Le gouvernement prévoit que l’augmentation de la TVQ lui procurera environ 1,2 milliard $ de revenus additionnels. Cependant, selon ses calculs, c’est près de 4 milliards $ qu’il devra trouver pour commencer à éponger son déficit. En fait, le gouvernement estime que les dispositifs qu’il envisage lui permettront d’aller chercher environ 40 % de la somme requise. Reste à trouver la source des 60 % restants.

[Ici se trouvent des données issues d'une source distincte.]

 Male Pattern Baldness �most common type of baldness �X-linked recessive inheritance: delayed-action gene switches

On parie sur des hausses d’impôt et des augmentations de tarifs plus étendues ?

En attendant

Nous avons quand même quelques bonnes nouvelles à nous mettre sous la dent. Par exemple, le crédit d’impôt pour frais de garde est ajusté pour permettre à plus de familles d’en tirer avantage. De même, les parents qui reçoivent des prestations du régime d’assurance parentale auront désormais droit au crédit. Les règles du REEE sont également assouplies et, finalement, le crédit d’impôt remboursable pour la TVQ sera haussé (mais à partir de 2011 seulement). Enfin, diverses mesures sont harmonisées avec le dernier budget fédéral, notamment celles sur la déductibilité des pertes enregistrées dans un REER ou un FERR après le décès.

Autre chose pour les particuliers ? Pas vraiment.

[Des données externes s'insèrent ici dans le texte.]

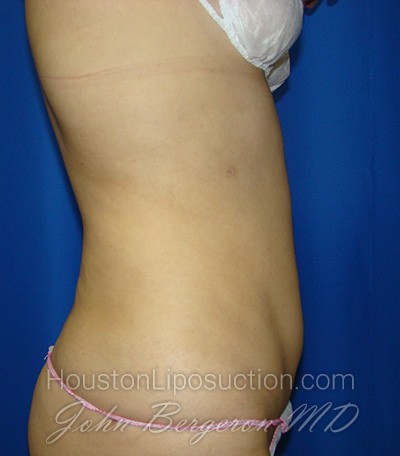 Liposuction Before & After Patient #1759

Aux entreprises de saisir la balle

En revanche, le gouvernement déploie une panoplie de mesures à l’intention des entreprises, principalement les PME, en espérant que celles-ci prendront le relais pour relancer l’économie. Parmi ces mesures :

  • la résurrection du REA, qui permettra aux contribuables de déduire 150 % (100 % après 2009) de leur investissement dans une entreprise cotée en bourse et dotée d’un actif inférieur à 200 millions $ ; cet avantage fiscal amènera-t-il les particuliers à canaliser leur épargne vers nos PME ?
  • une bonification des crédits d’impôt liés à l’achat d’actions de Fondaction (CSN) et un élargissement des investissements admissibles du Fonds de solidarité (FTQ) ; ces deux fonds investissent dans le développement des entreprises québécoises ;
  • l’augmentation à 500 000 $ du plafond donnant droit au taux d’imposition réduit des petites entreprises ;
  • la bonification du taux d’amortissement accéléré pour les ordinateurs, logiciels et certains autres équipements ;
  • l’extension à de nouveaux secteurs des crédits d’impôt pour la formation et pour le développement des affaires électroniques ;
  • l’instauration d’un congé d’impôt pour certaines entreprises liées à la recherche et au développement.

L’espoir est au sud

Plusieurs analystes estiment que ces mesures ne constituent pas véritablement un plan de relance. Peut-être est-ce parce qu’une fois assumée l’augmentation naturelle des coûts liés à la santé et à l’éducation, et une fois absorbée la baisse des revenus fiscaux en provenance des entreprises et des particuliers (2,5 milliards $, ce n’est pas rien), il ne reste pas beaucoup de marge de manœuvre au Québec pour investir dans de « grands projets du XXIe siècle » comme le font les États-Unis.

À moins d’augmenter massivement le fardeau fiscal des Québécois (au risque d’aggraver la situation), il reste donc au gouvernement québécois à espérer que le plan de relance américain portera fruit et, par ricochet, injectera de l’adrénaline dans notre propre économie.